# Hi tech Dear John letters



## David Baxter PhD (May 5, 2004)

Almost one in 10 Britons has ended relationship by text messaging
May 4, 2004

LONDON (AP) - Dear John. We're thru :-( 

Nine per cent of Britons admit to dumping a partner by sending an SMS, or short message service, from a cellphone - possibly signalling the beginning of the end for the "Dear John" letter - according to a survey published Monday. Among those aged 15 to 24 the figure rises to 20 per cent. Forty-five per cent of women owned up to secretly checking the text messages on their partner's phone compared to 31 per cent of men. 

Philippa O'Sullivan, 15, from near Basingstoke in southern England, said using text messages to finish relationships was common among teenagers, many of whom "find it easier to talk by text." 

"I've heard of lots of people, including a couple of my friends, being dumped that way," O'Sullivan said. 

The NOP poll for Sicap, a messaging services provider based in Bern, Switzerland, also found that 44 per cent had used text messages to flirt; among the 15- to 24-year-olds, the figure rose to 75 per cent. 

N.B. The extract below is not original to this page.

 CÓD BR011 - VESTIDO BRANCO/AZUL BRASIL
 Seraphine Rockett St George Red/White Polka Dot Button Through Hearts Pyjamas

Some 31 per cent of adults said they had sent a love letter by text - even among the over-65s, nine per cent had done so - and 30 per cent said they had argued via SMS. Two per cent say they have used text messages to quit a job. 

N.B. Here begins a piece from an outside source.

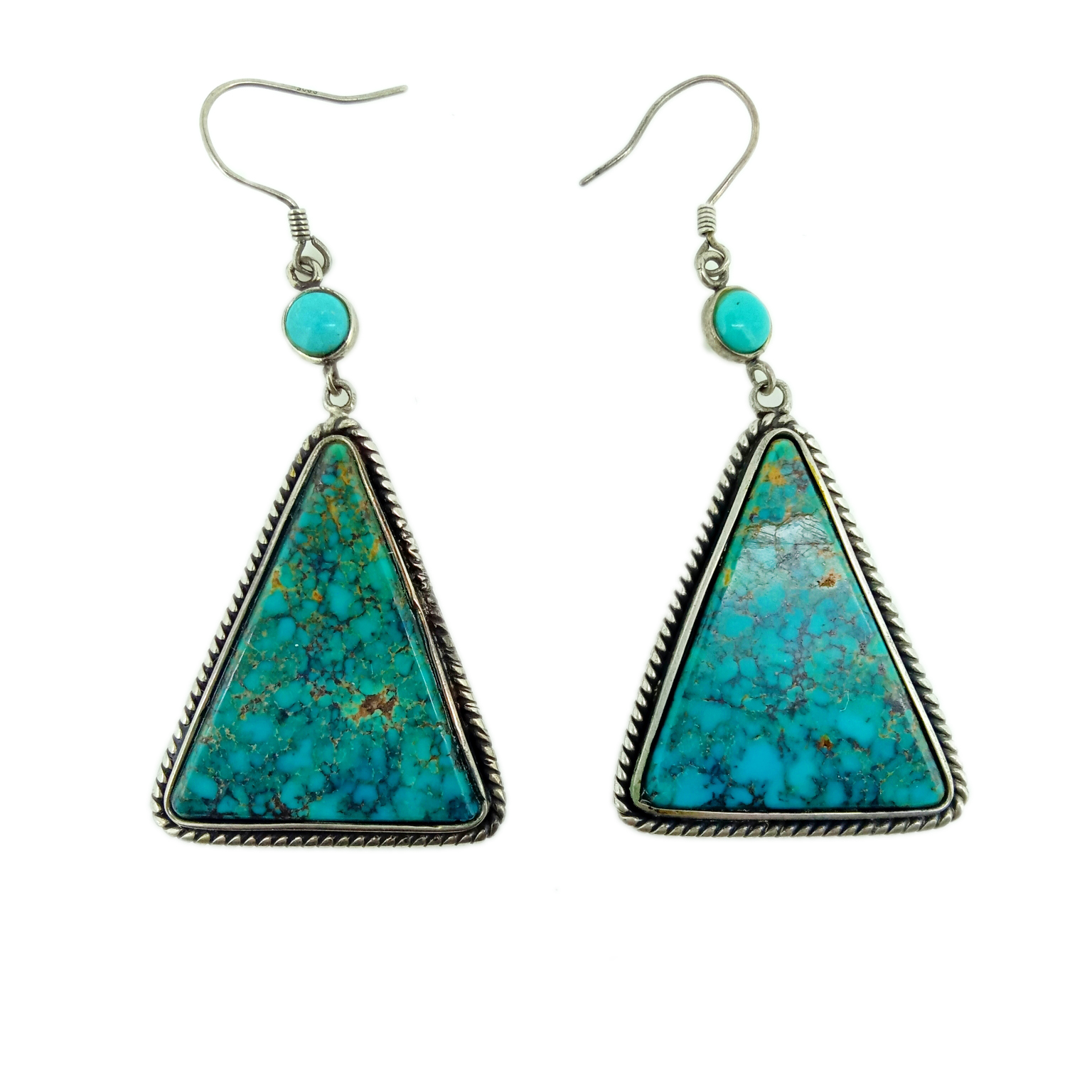 925 Ayar Gümüş Firuzəyi Sırğa Üçbucaq Dizayn Sırğa Cabochon Sırğa 15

Britain's Mobile Data Association announced earlier this year that in March alone, Britons sent 2.1 billion text messages, a 25 per cent increase over the same month last year. 

NOP questioned 771 people aged 15 and over from April 23 to 25 for the Sicap poll. No margin of error was given, but on a sample of this size it is likely to be around three percentage points either way.


----------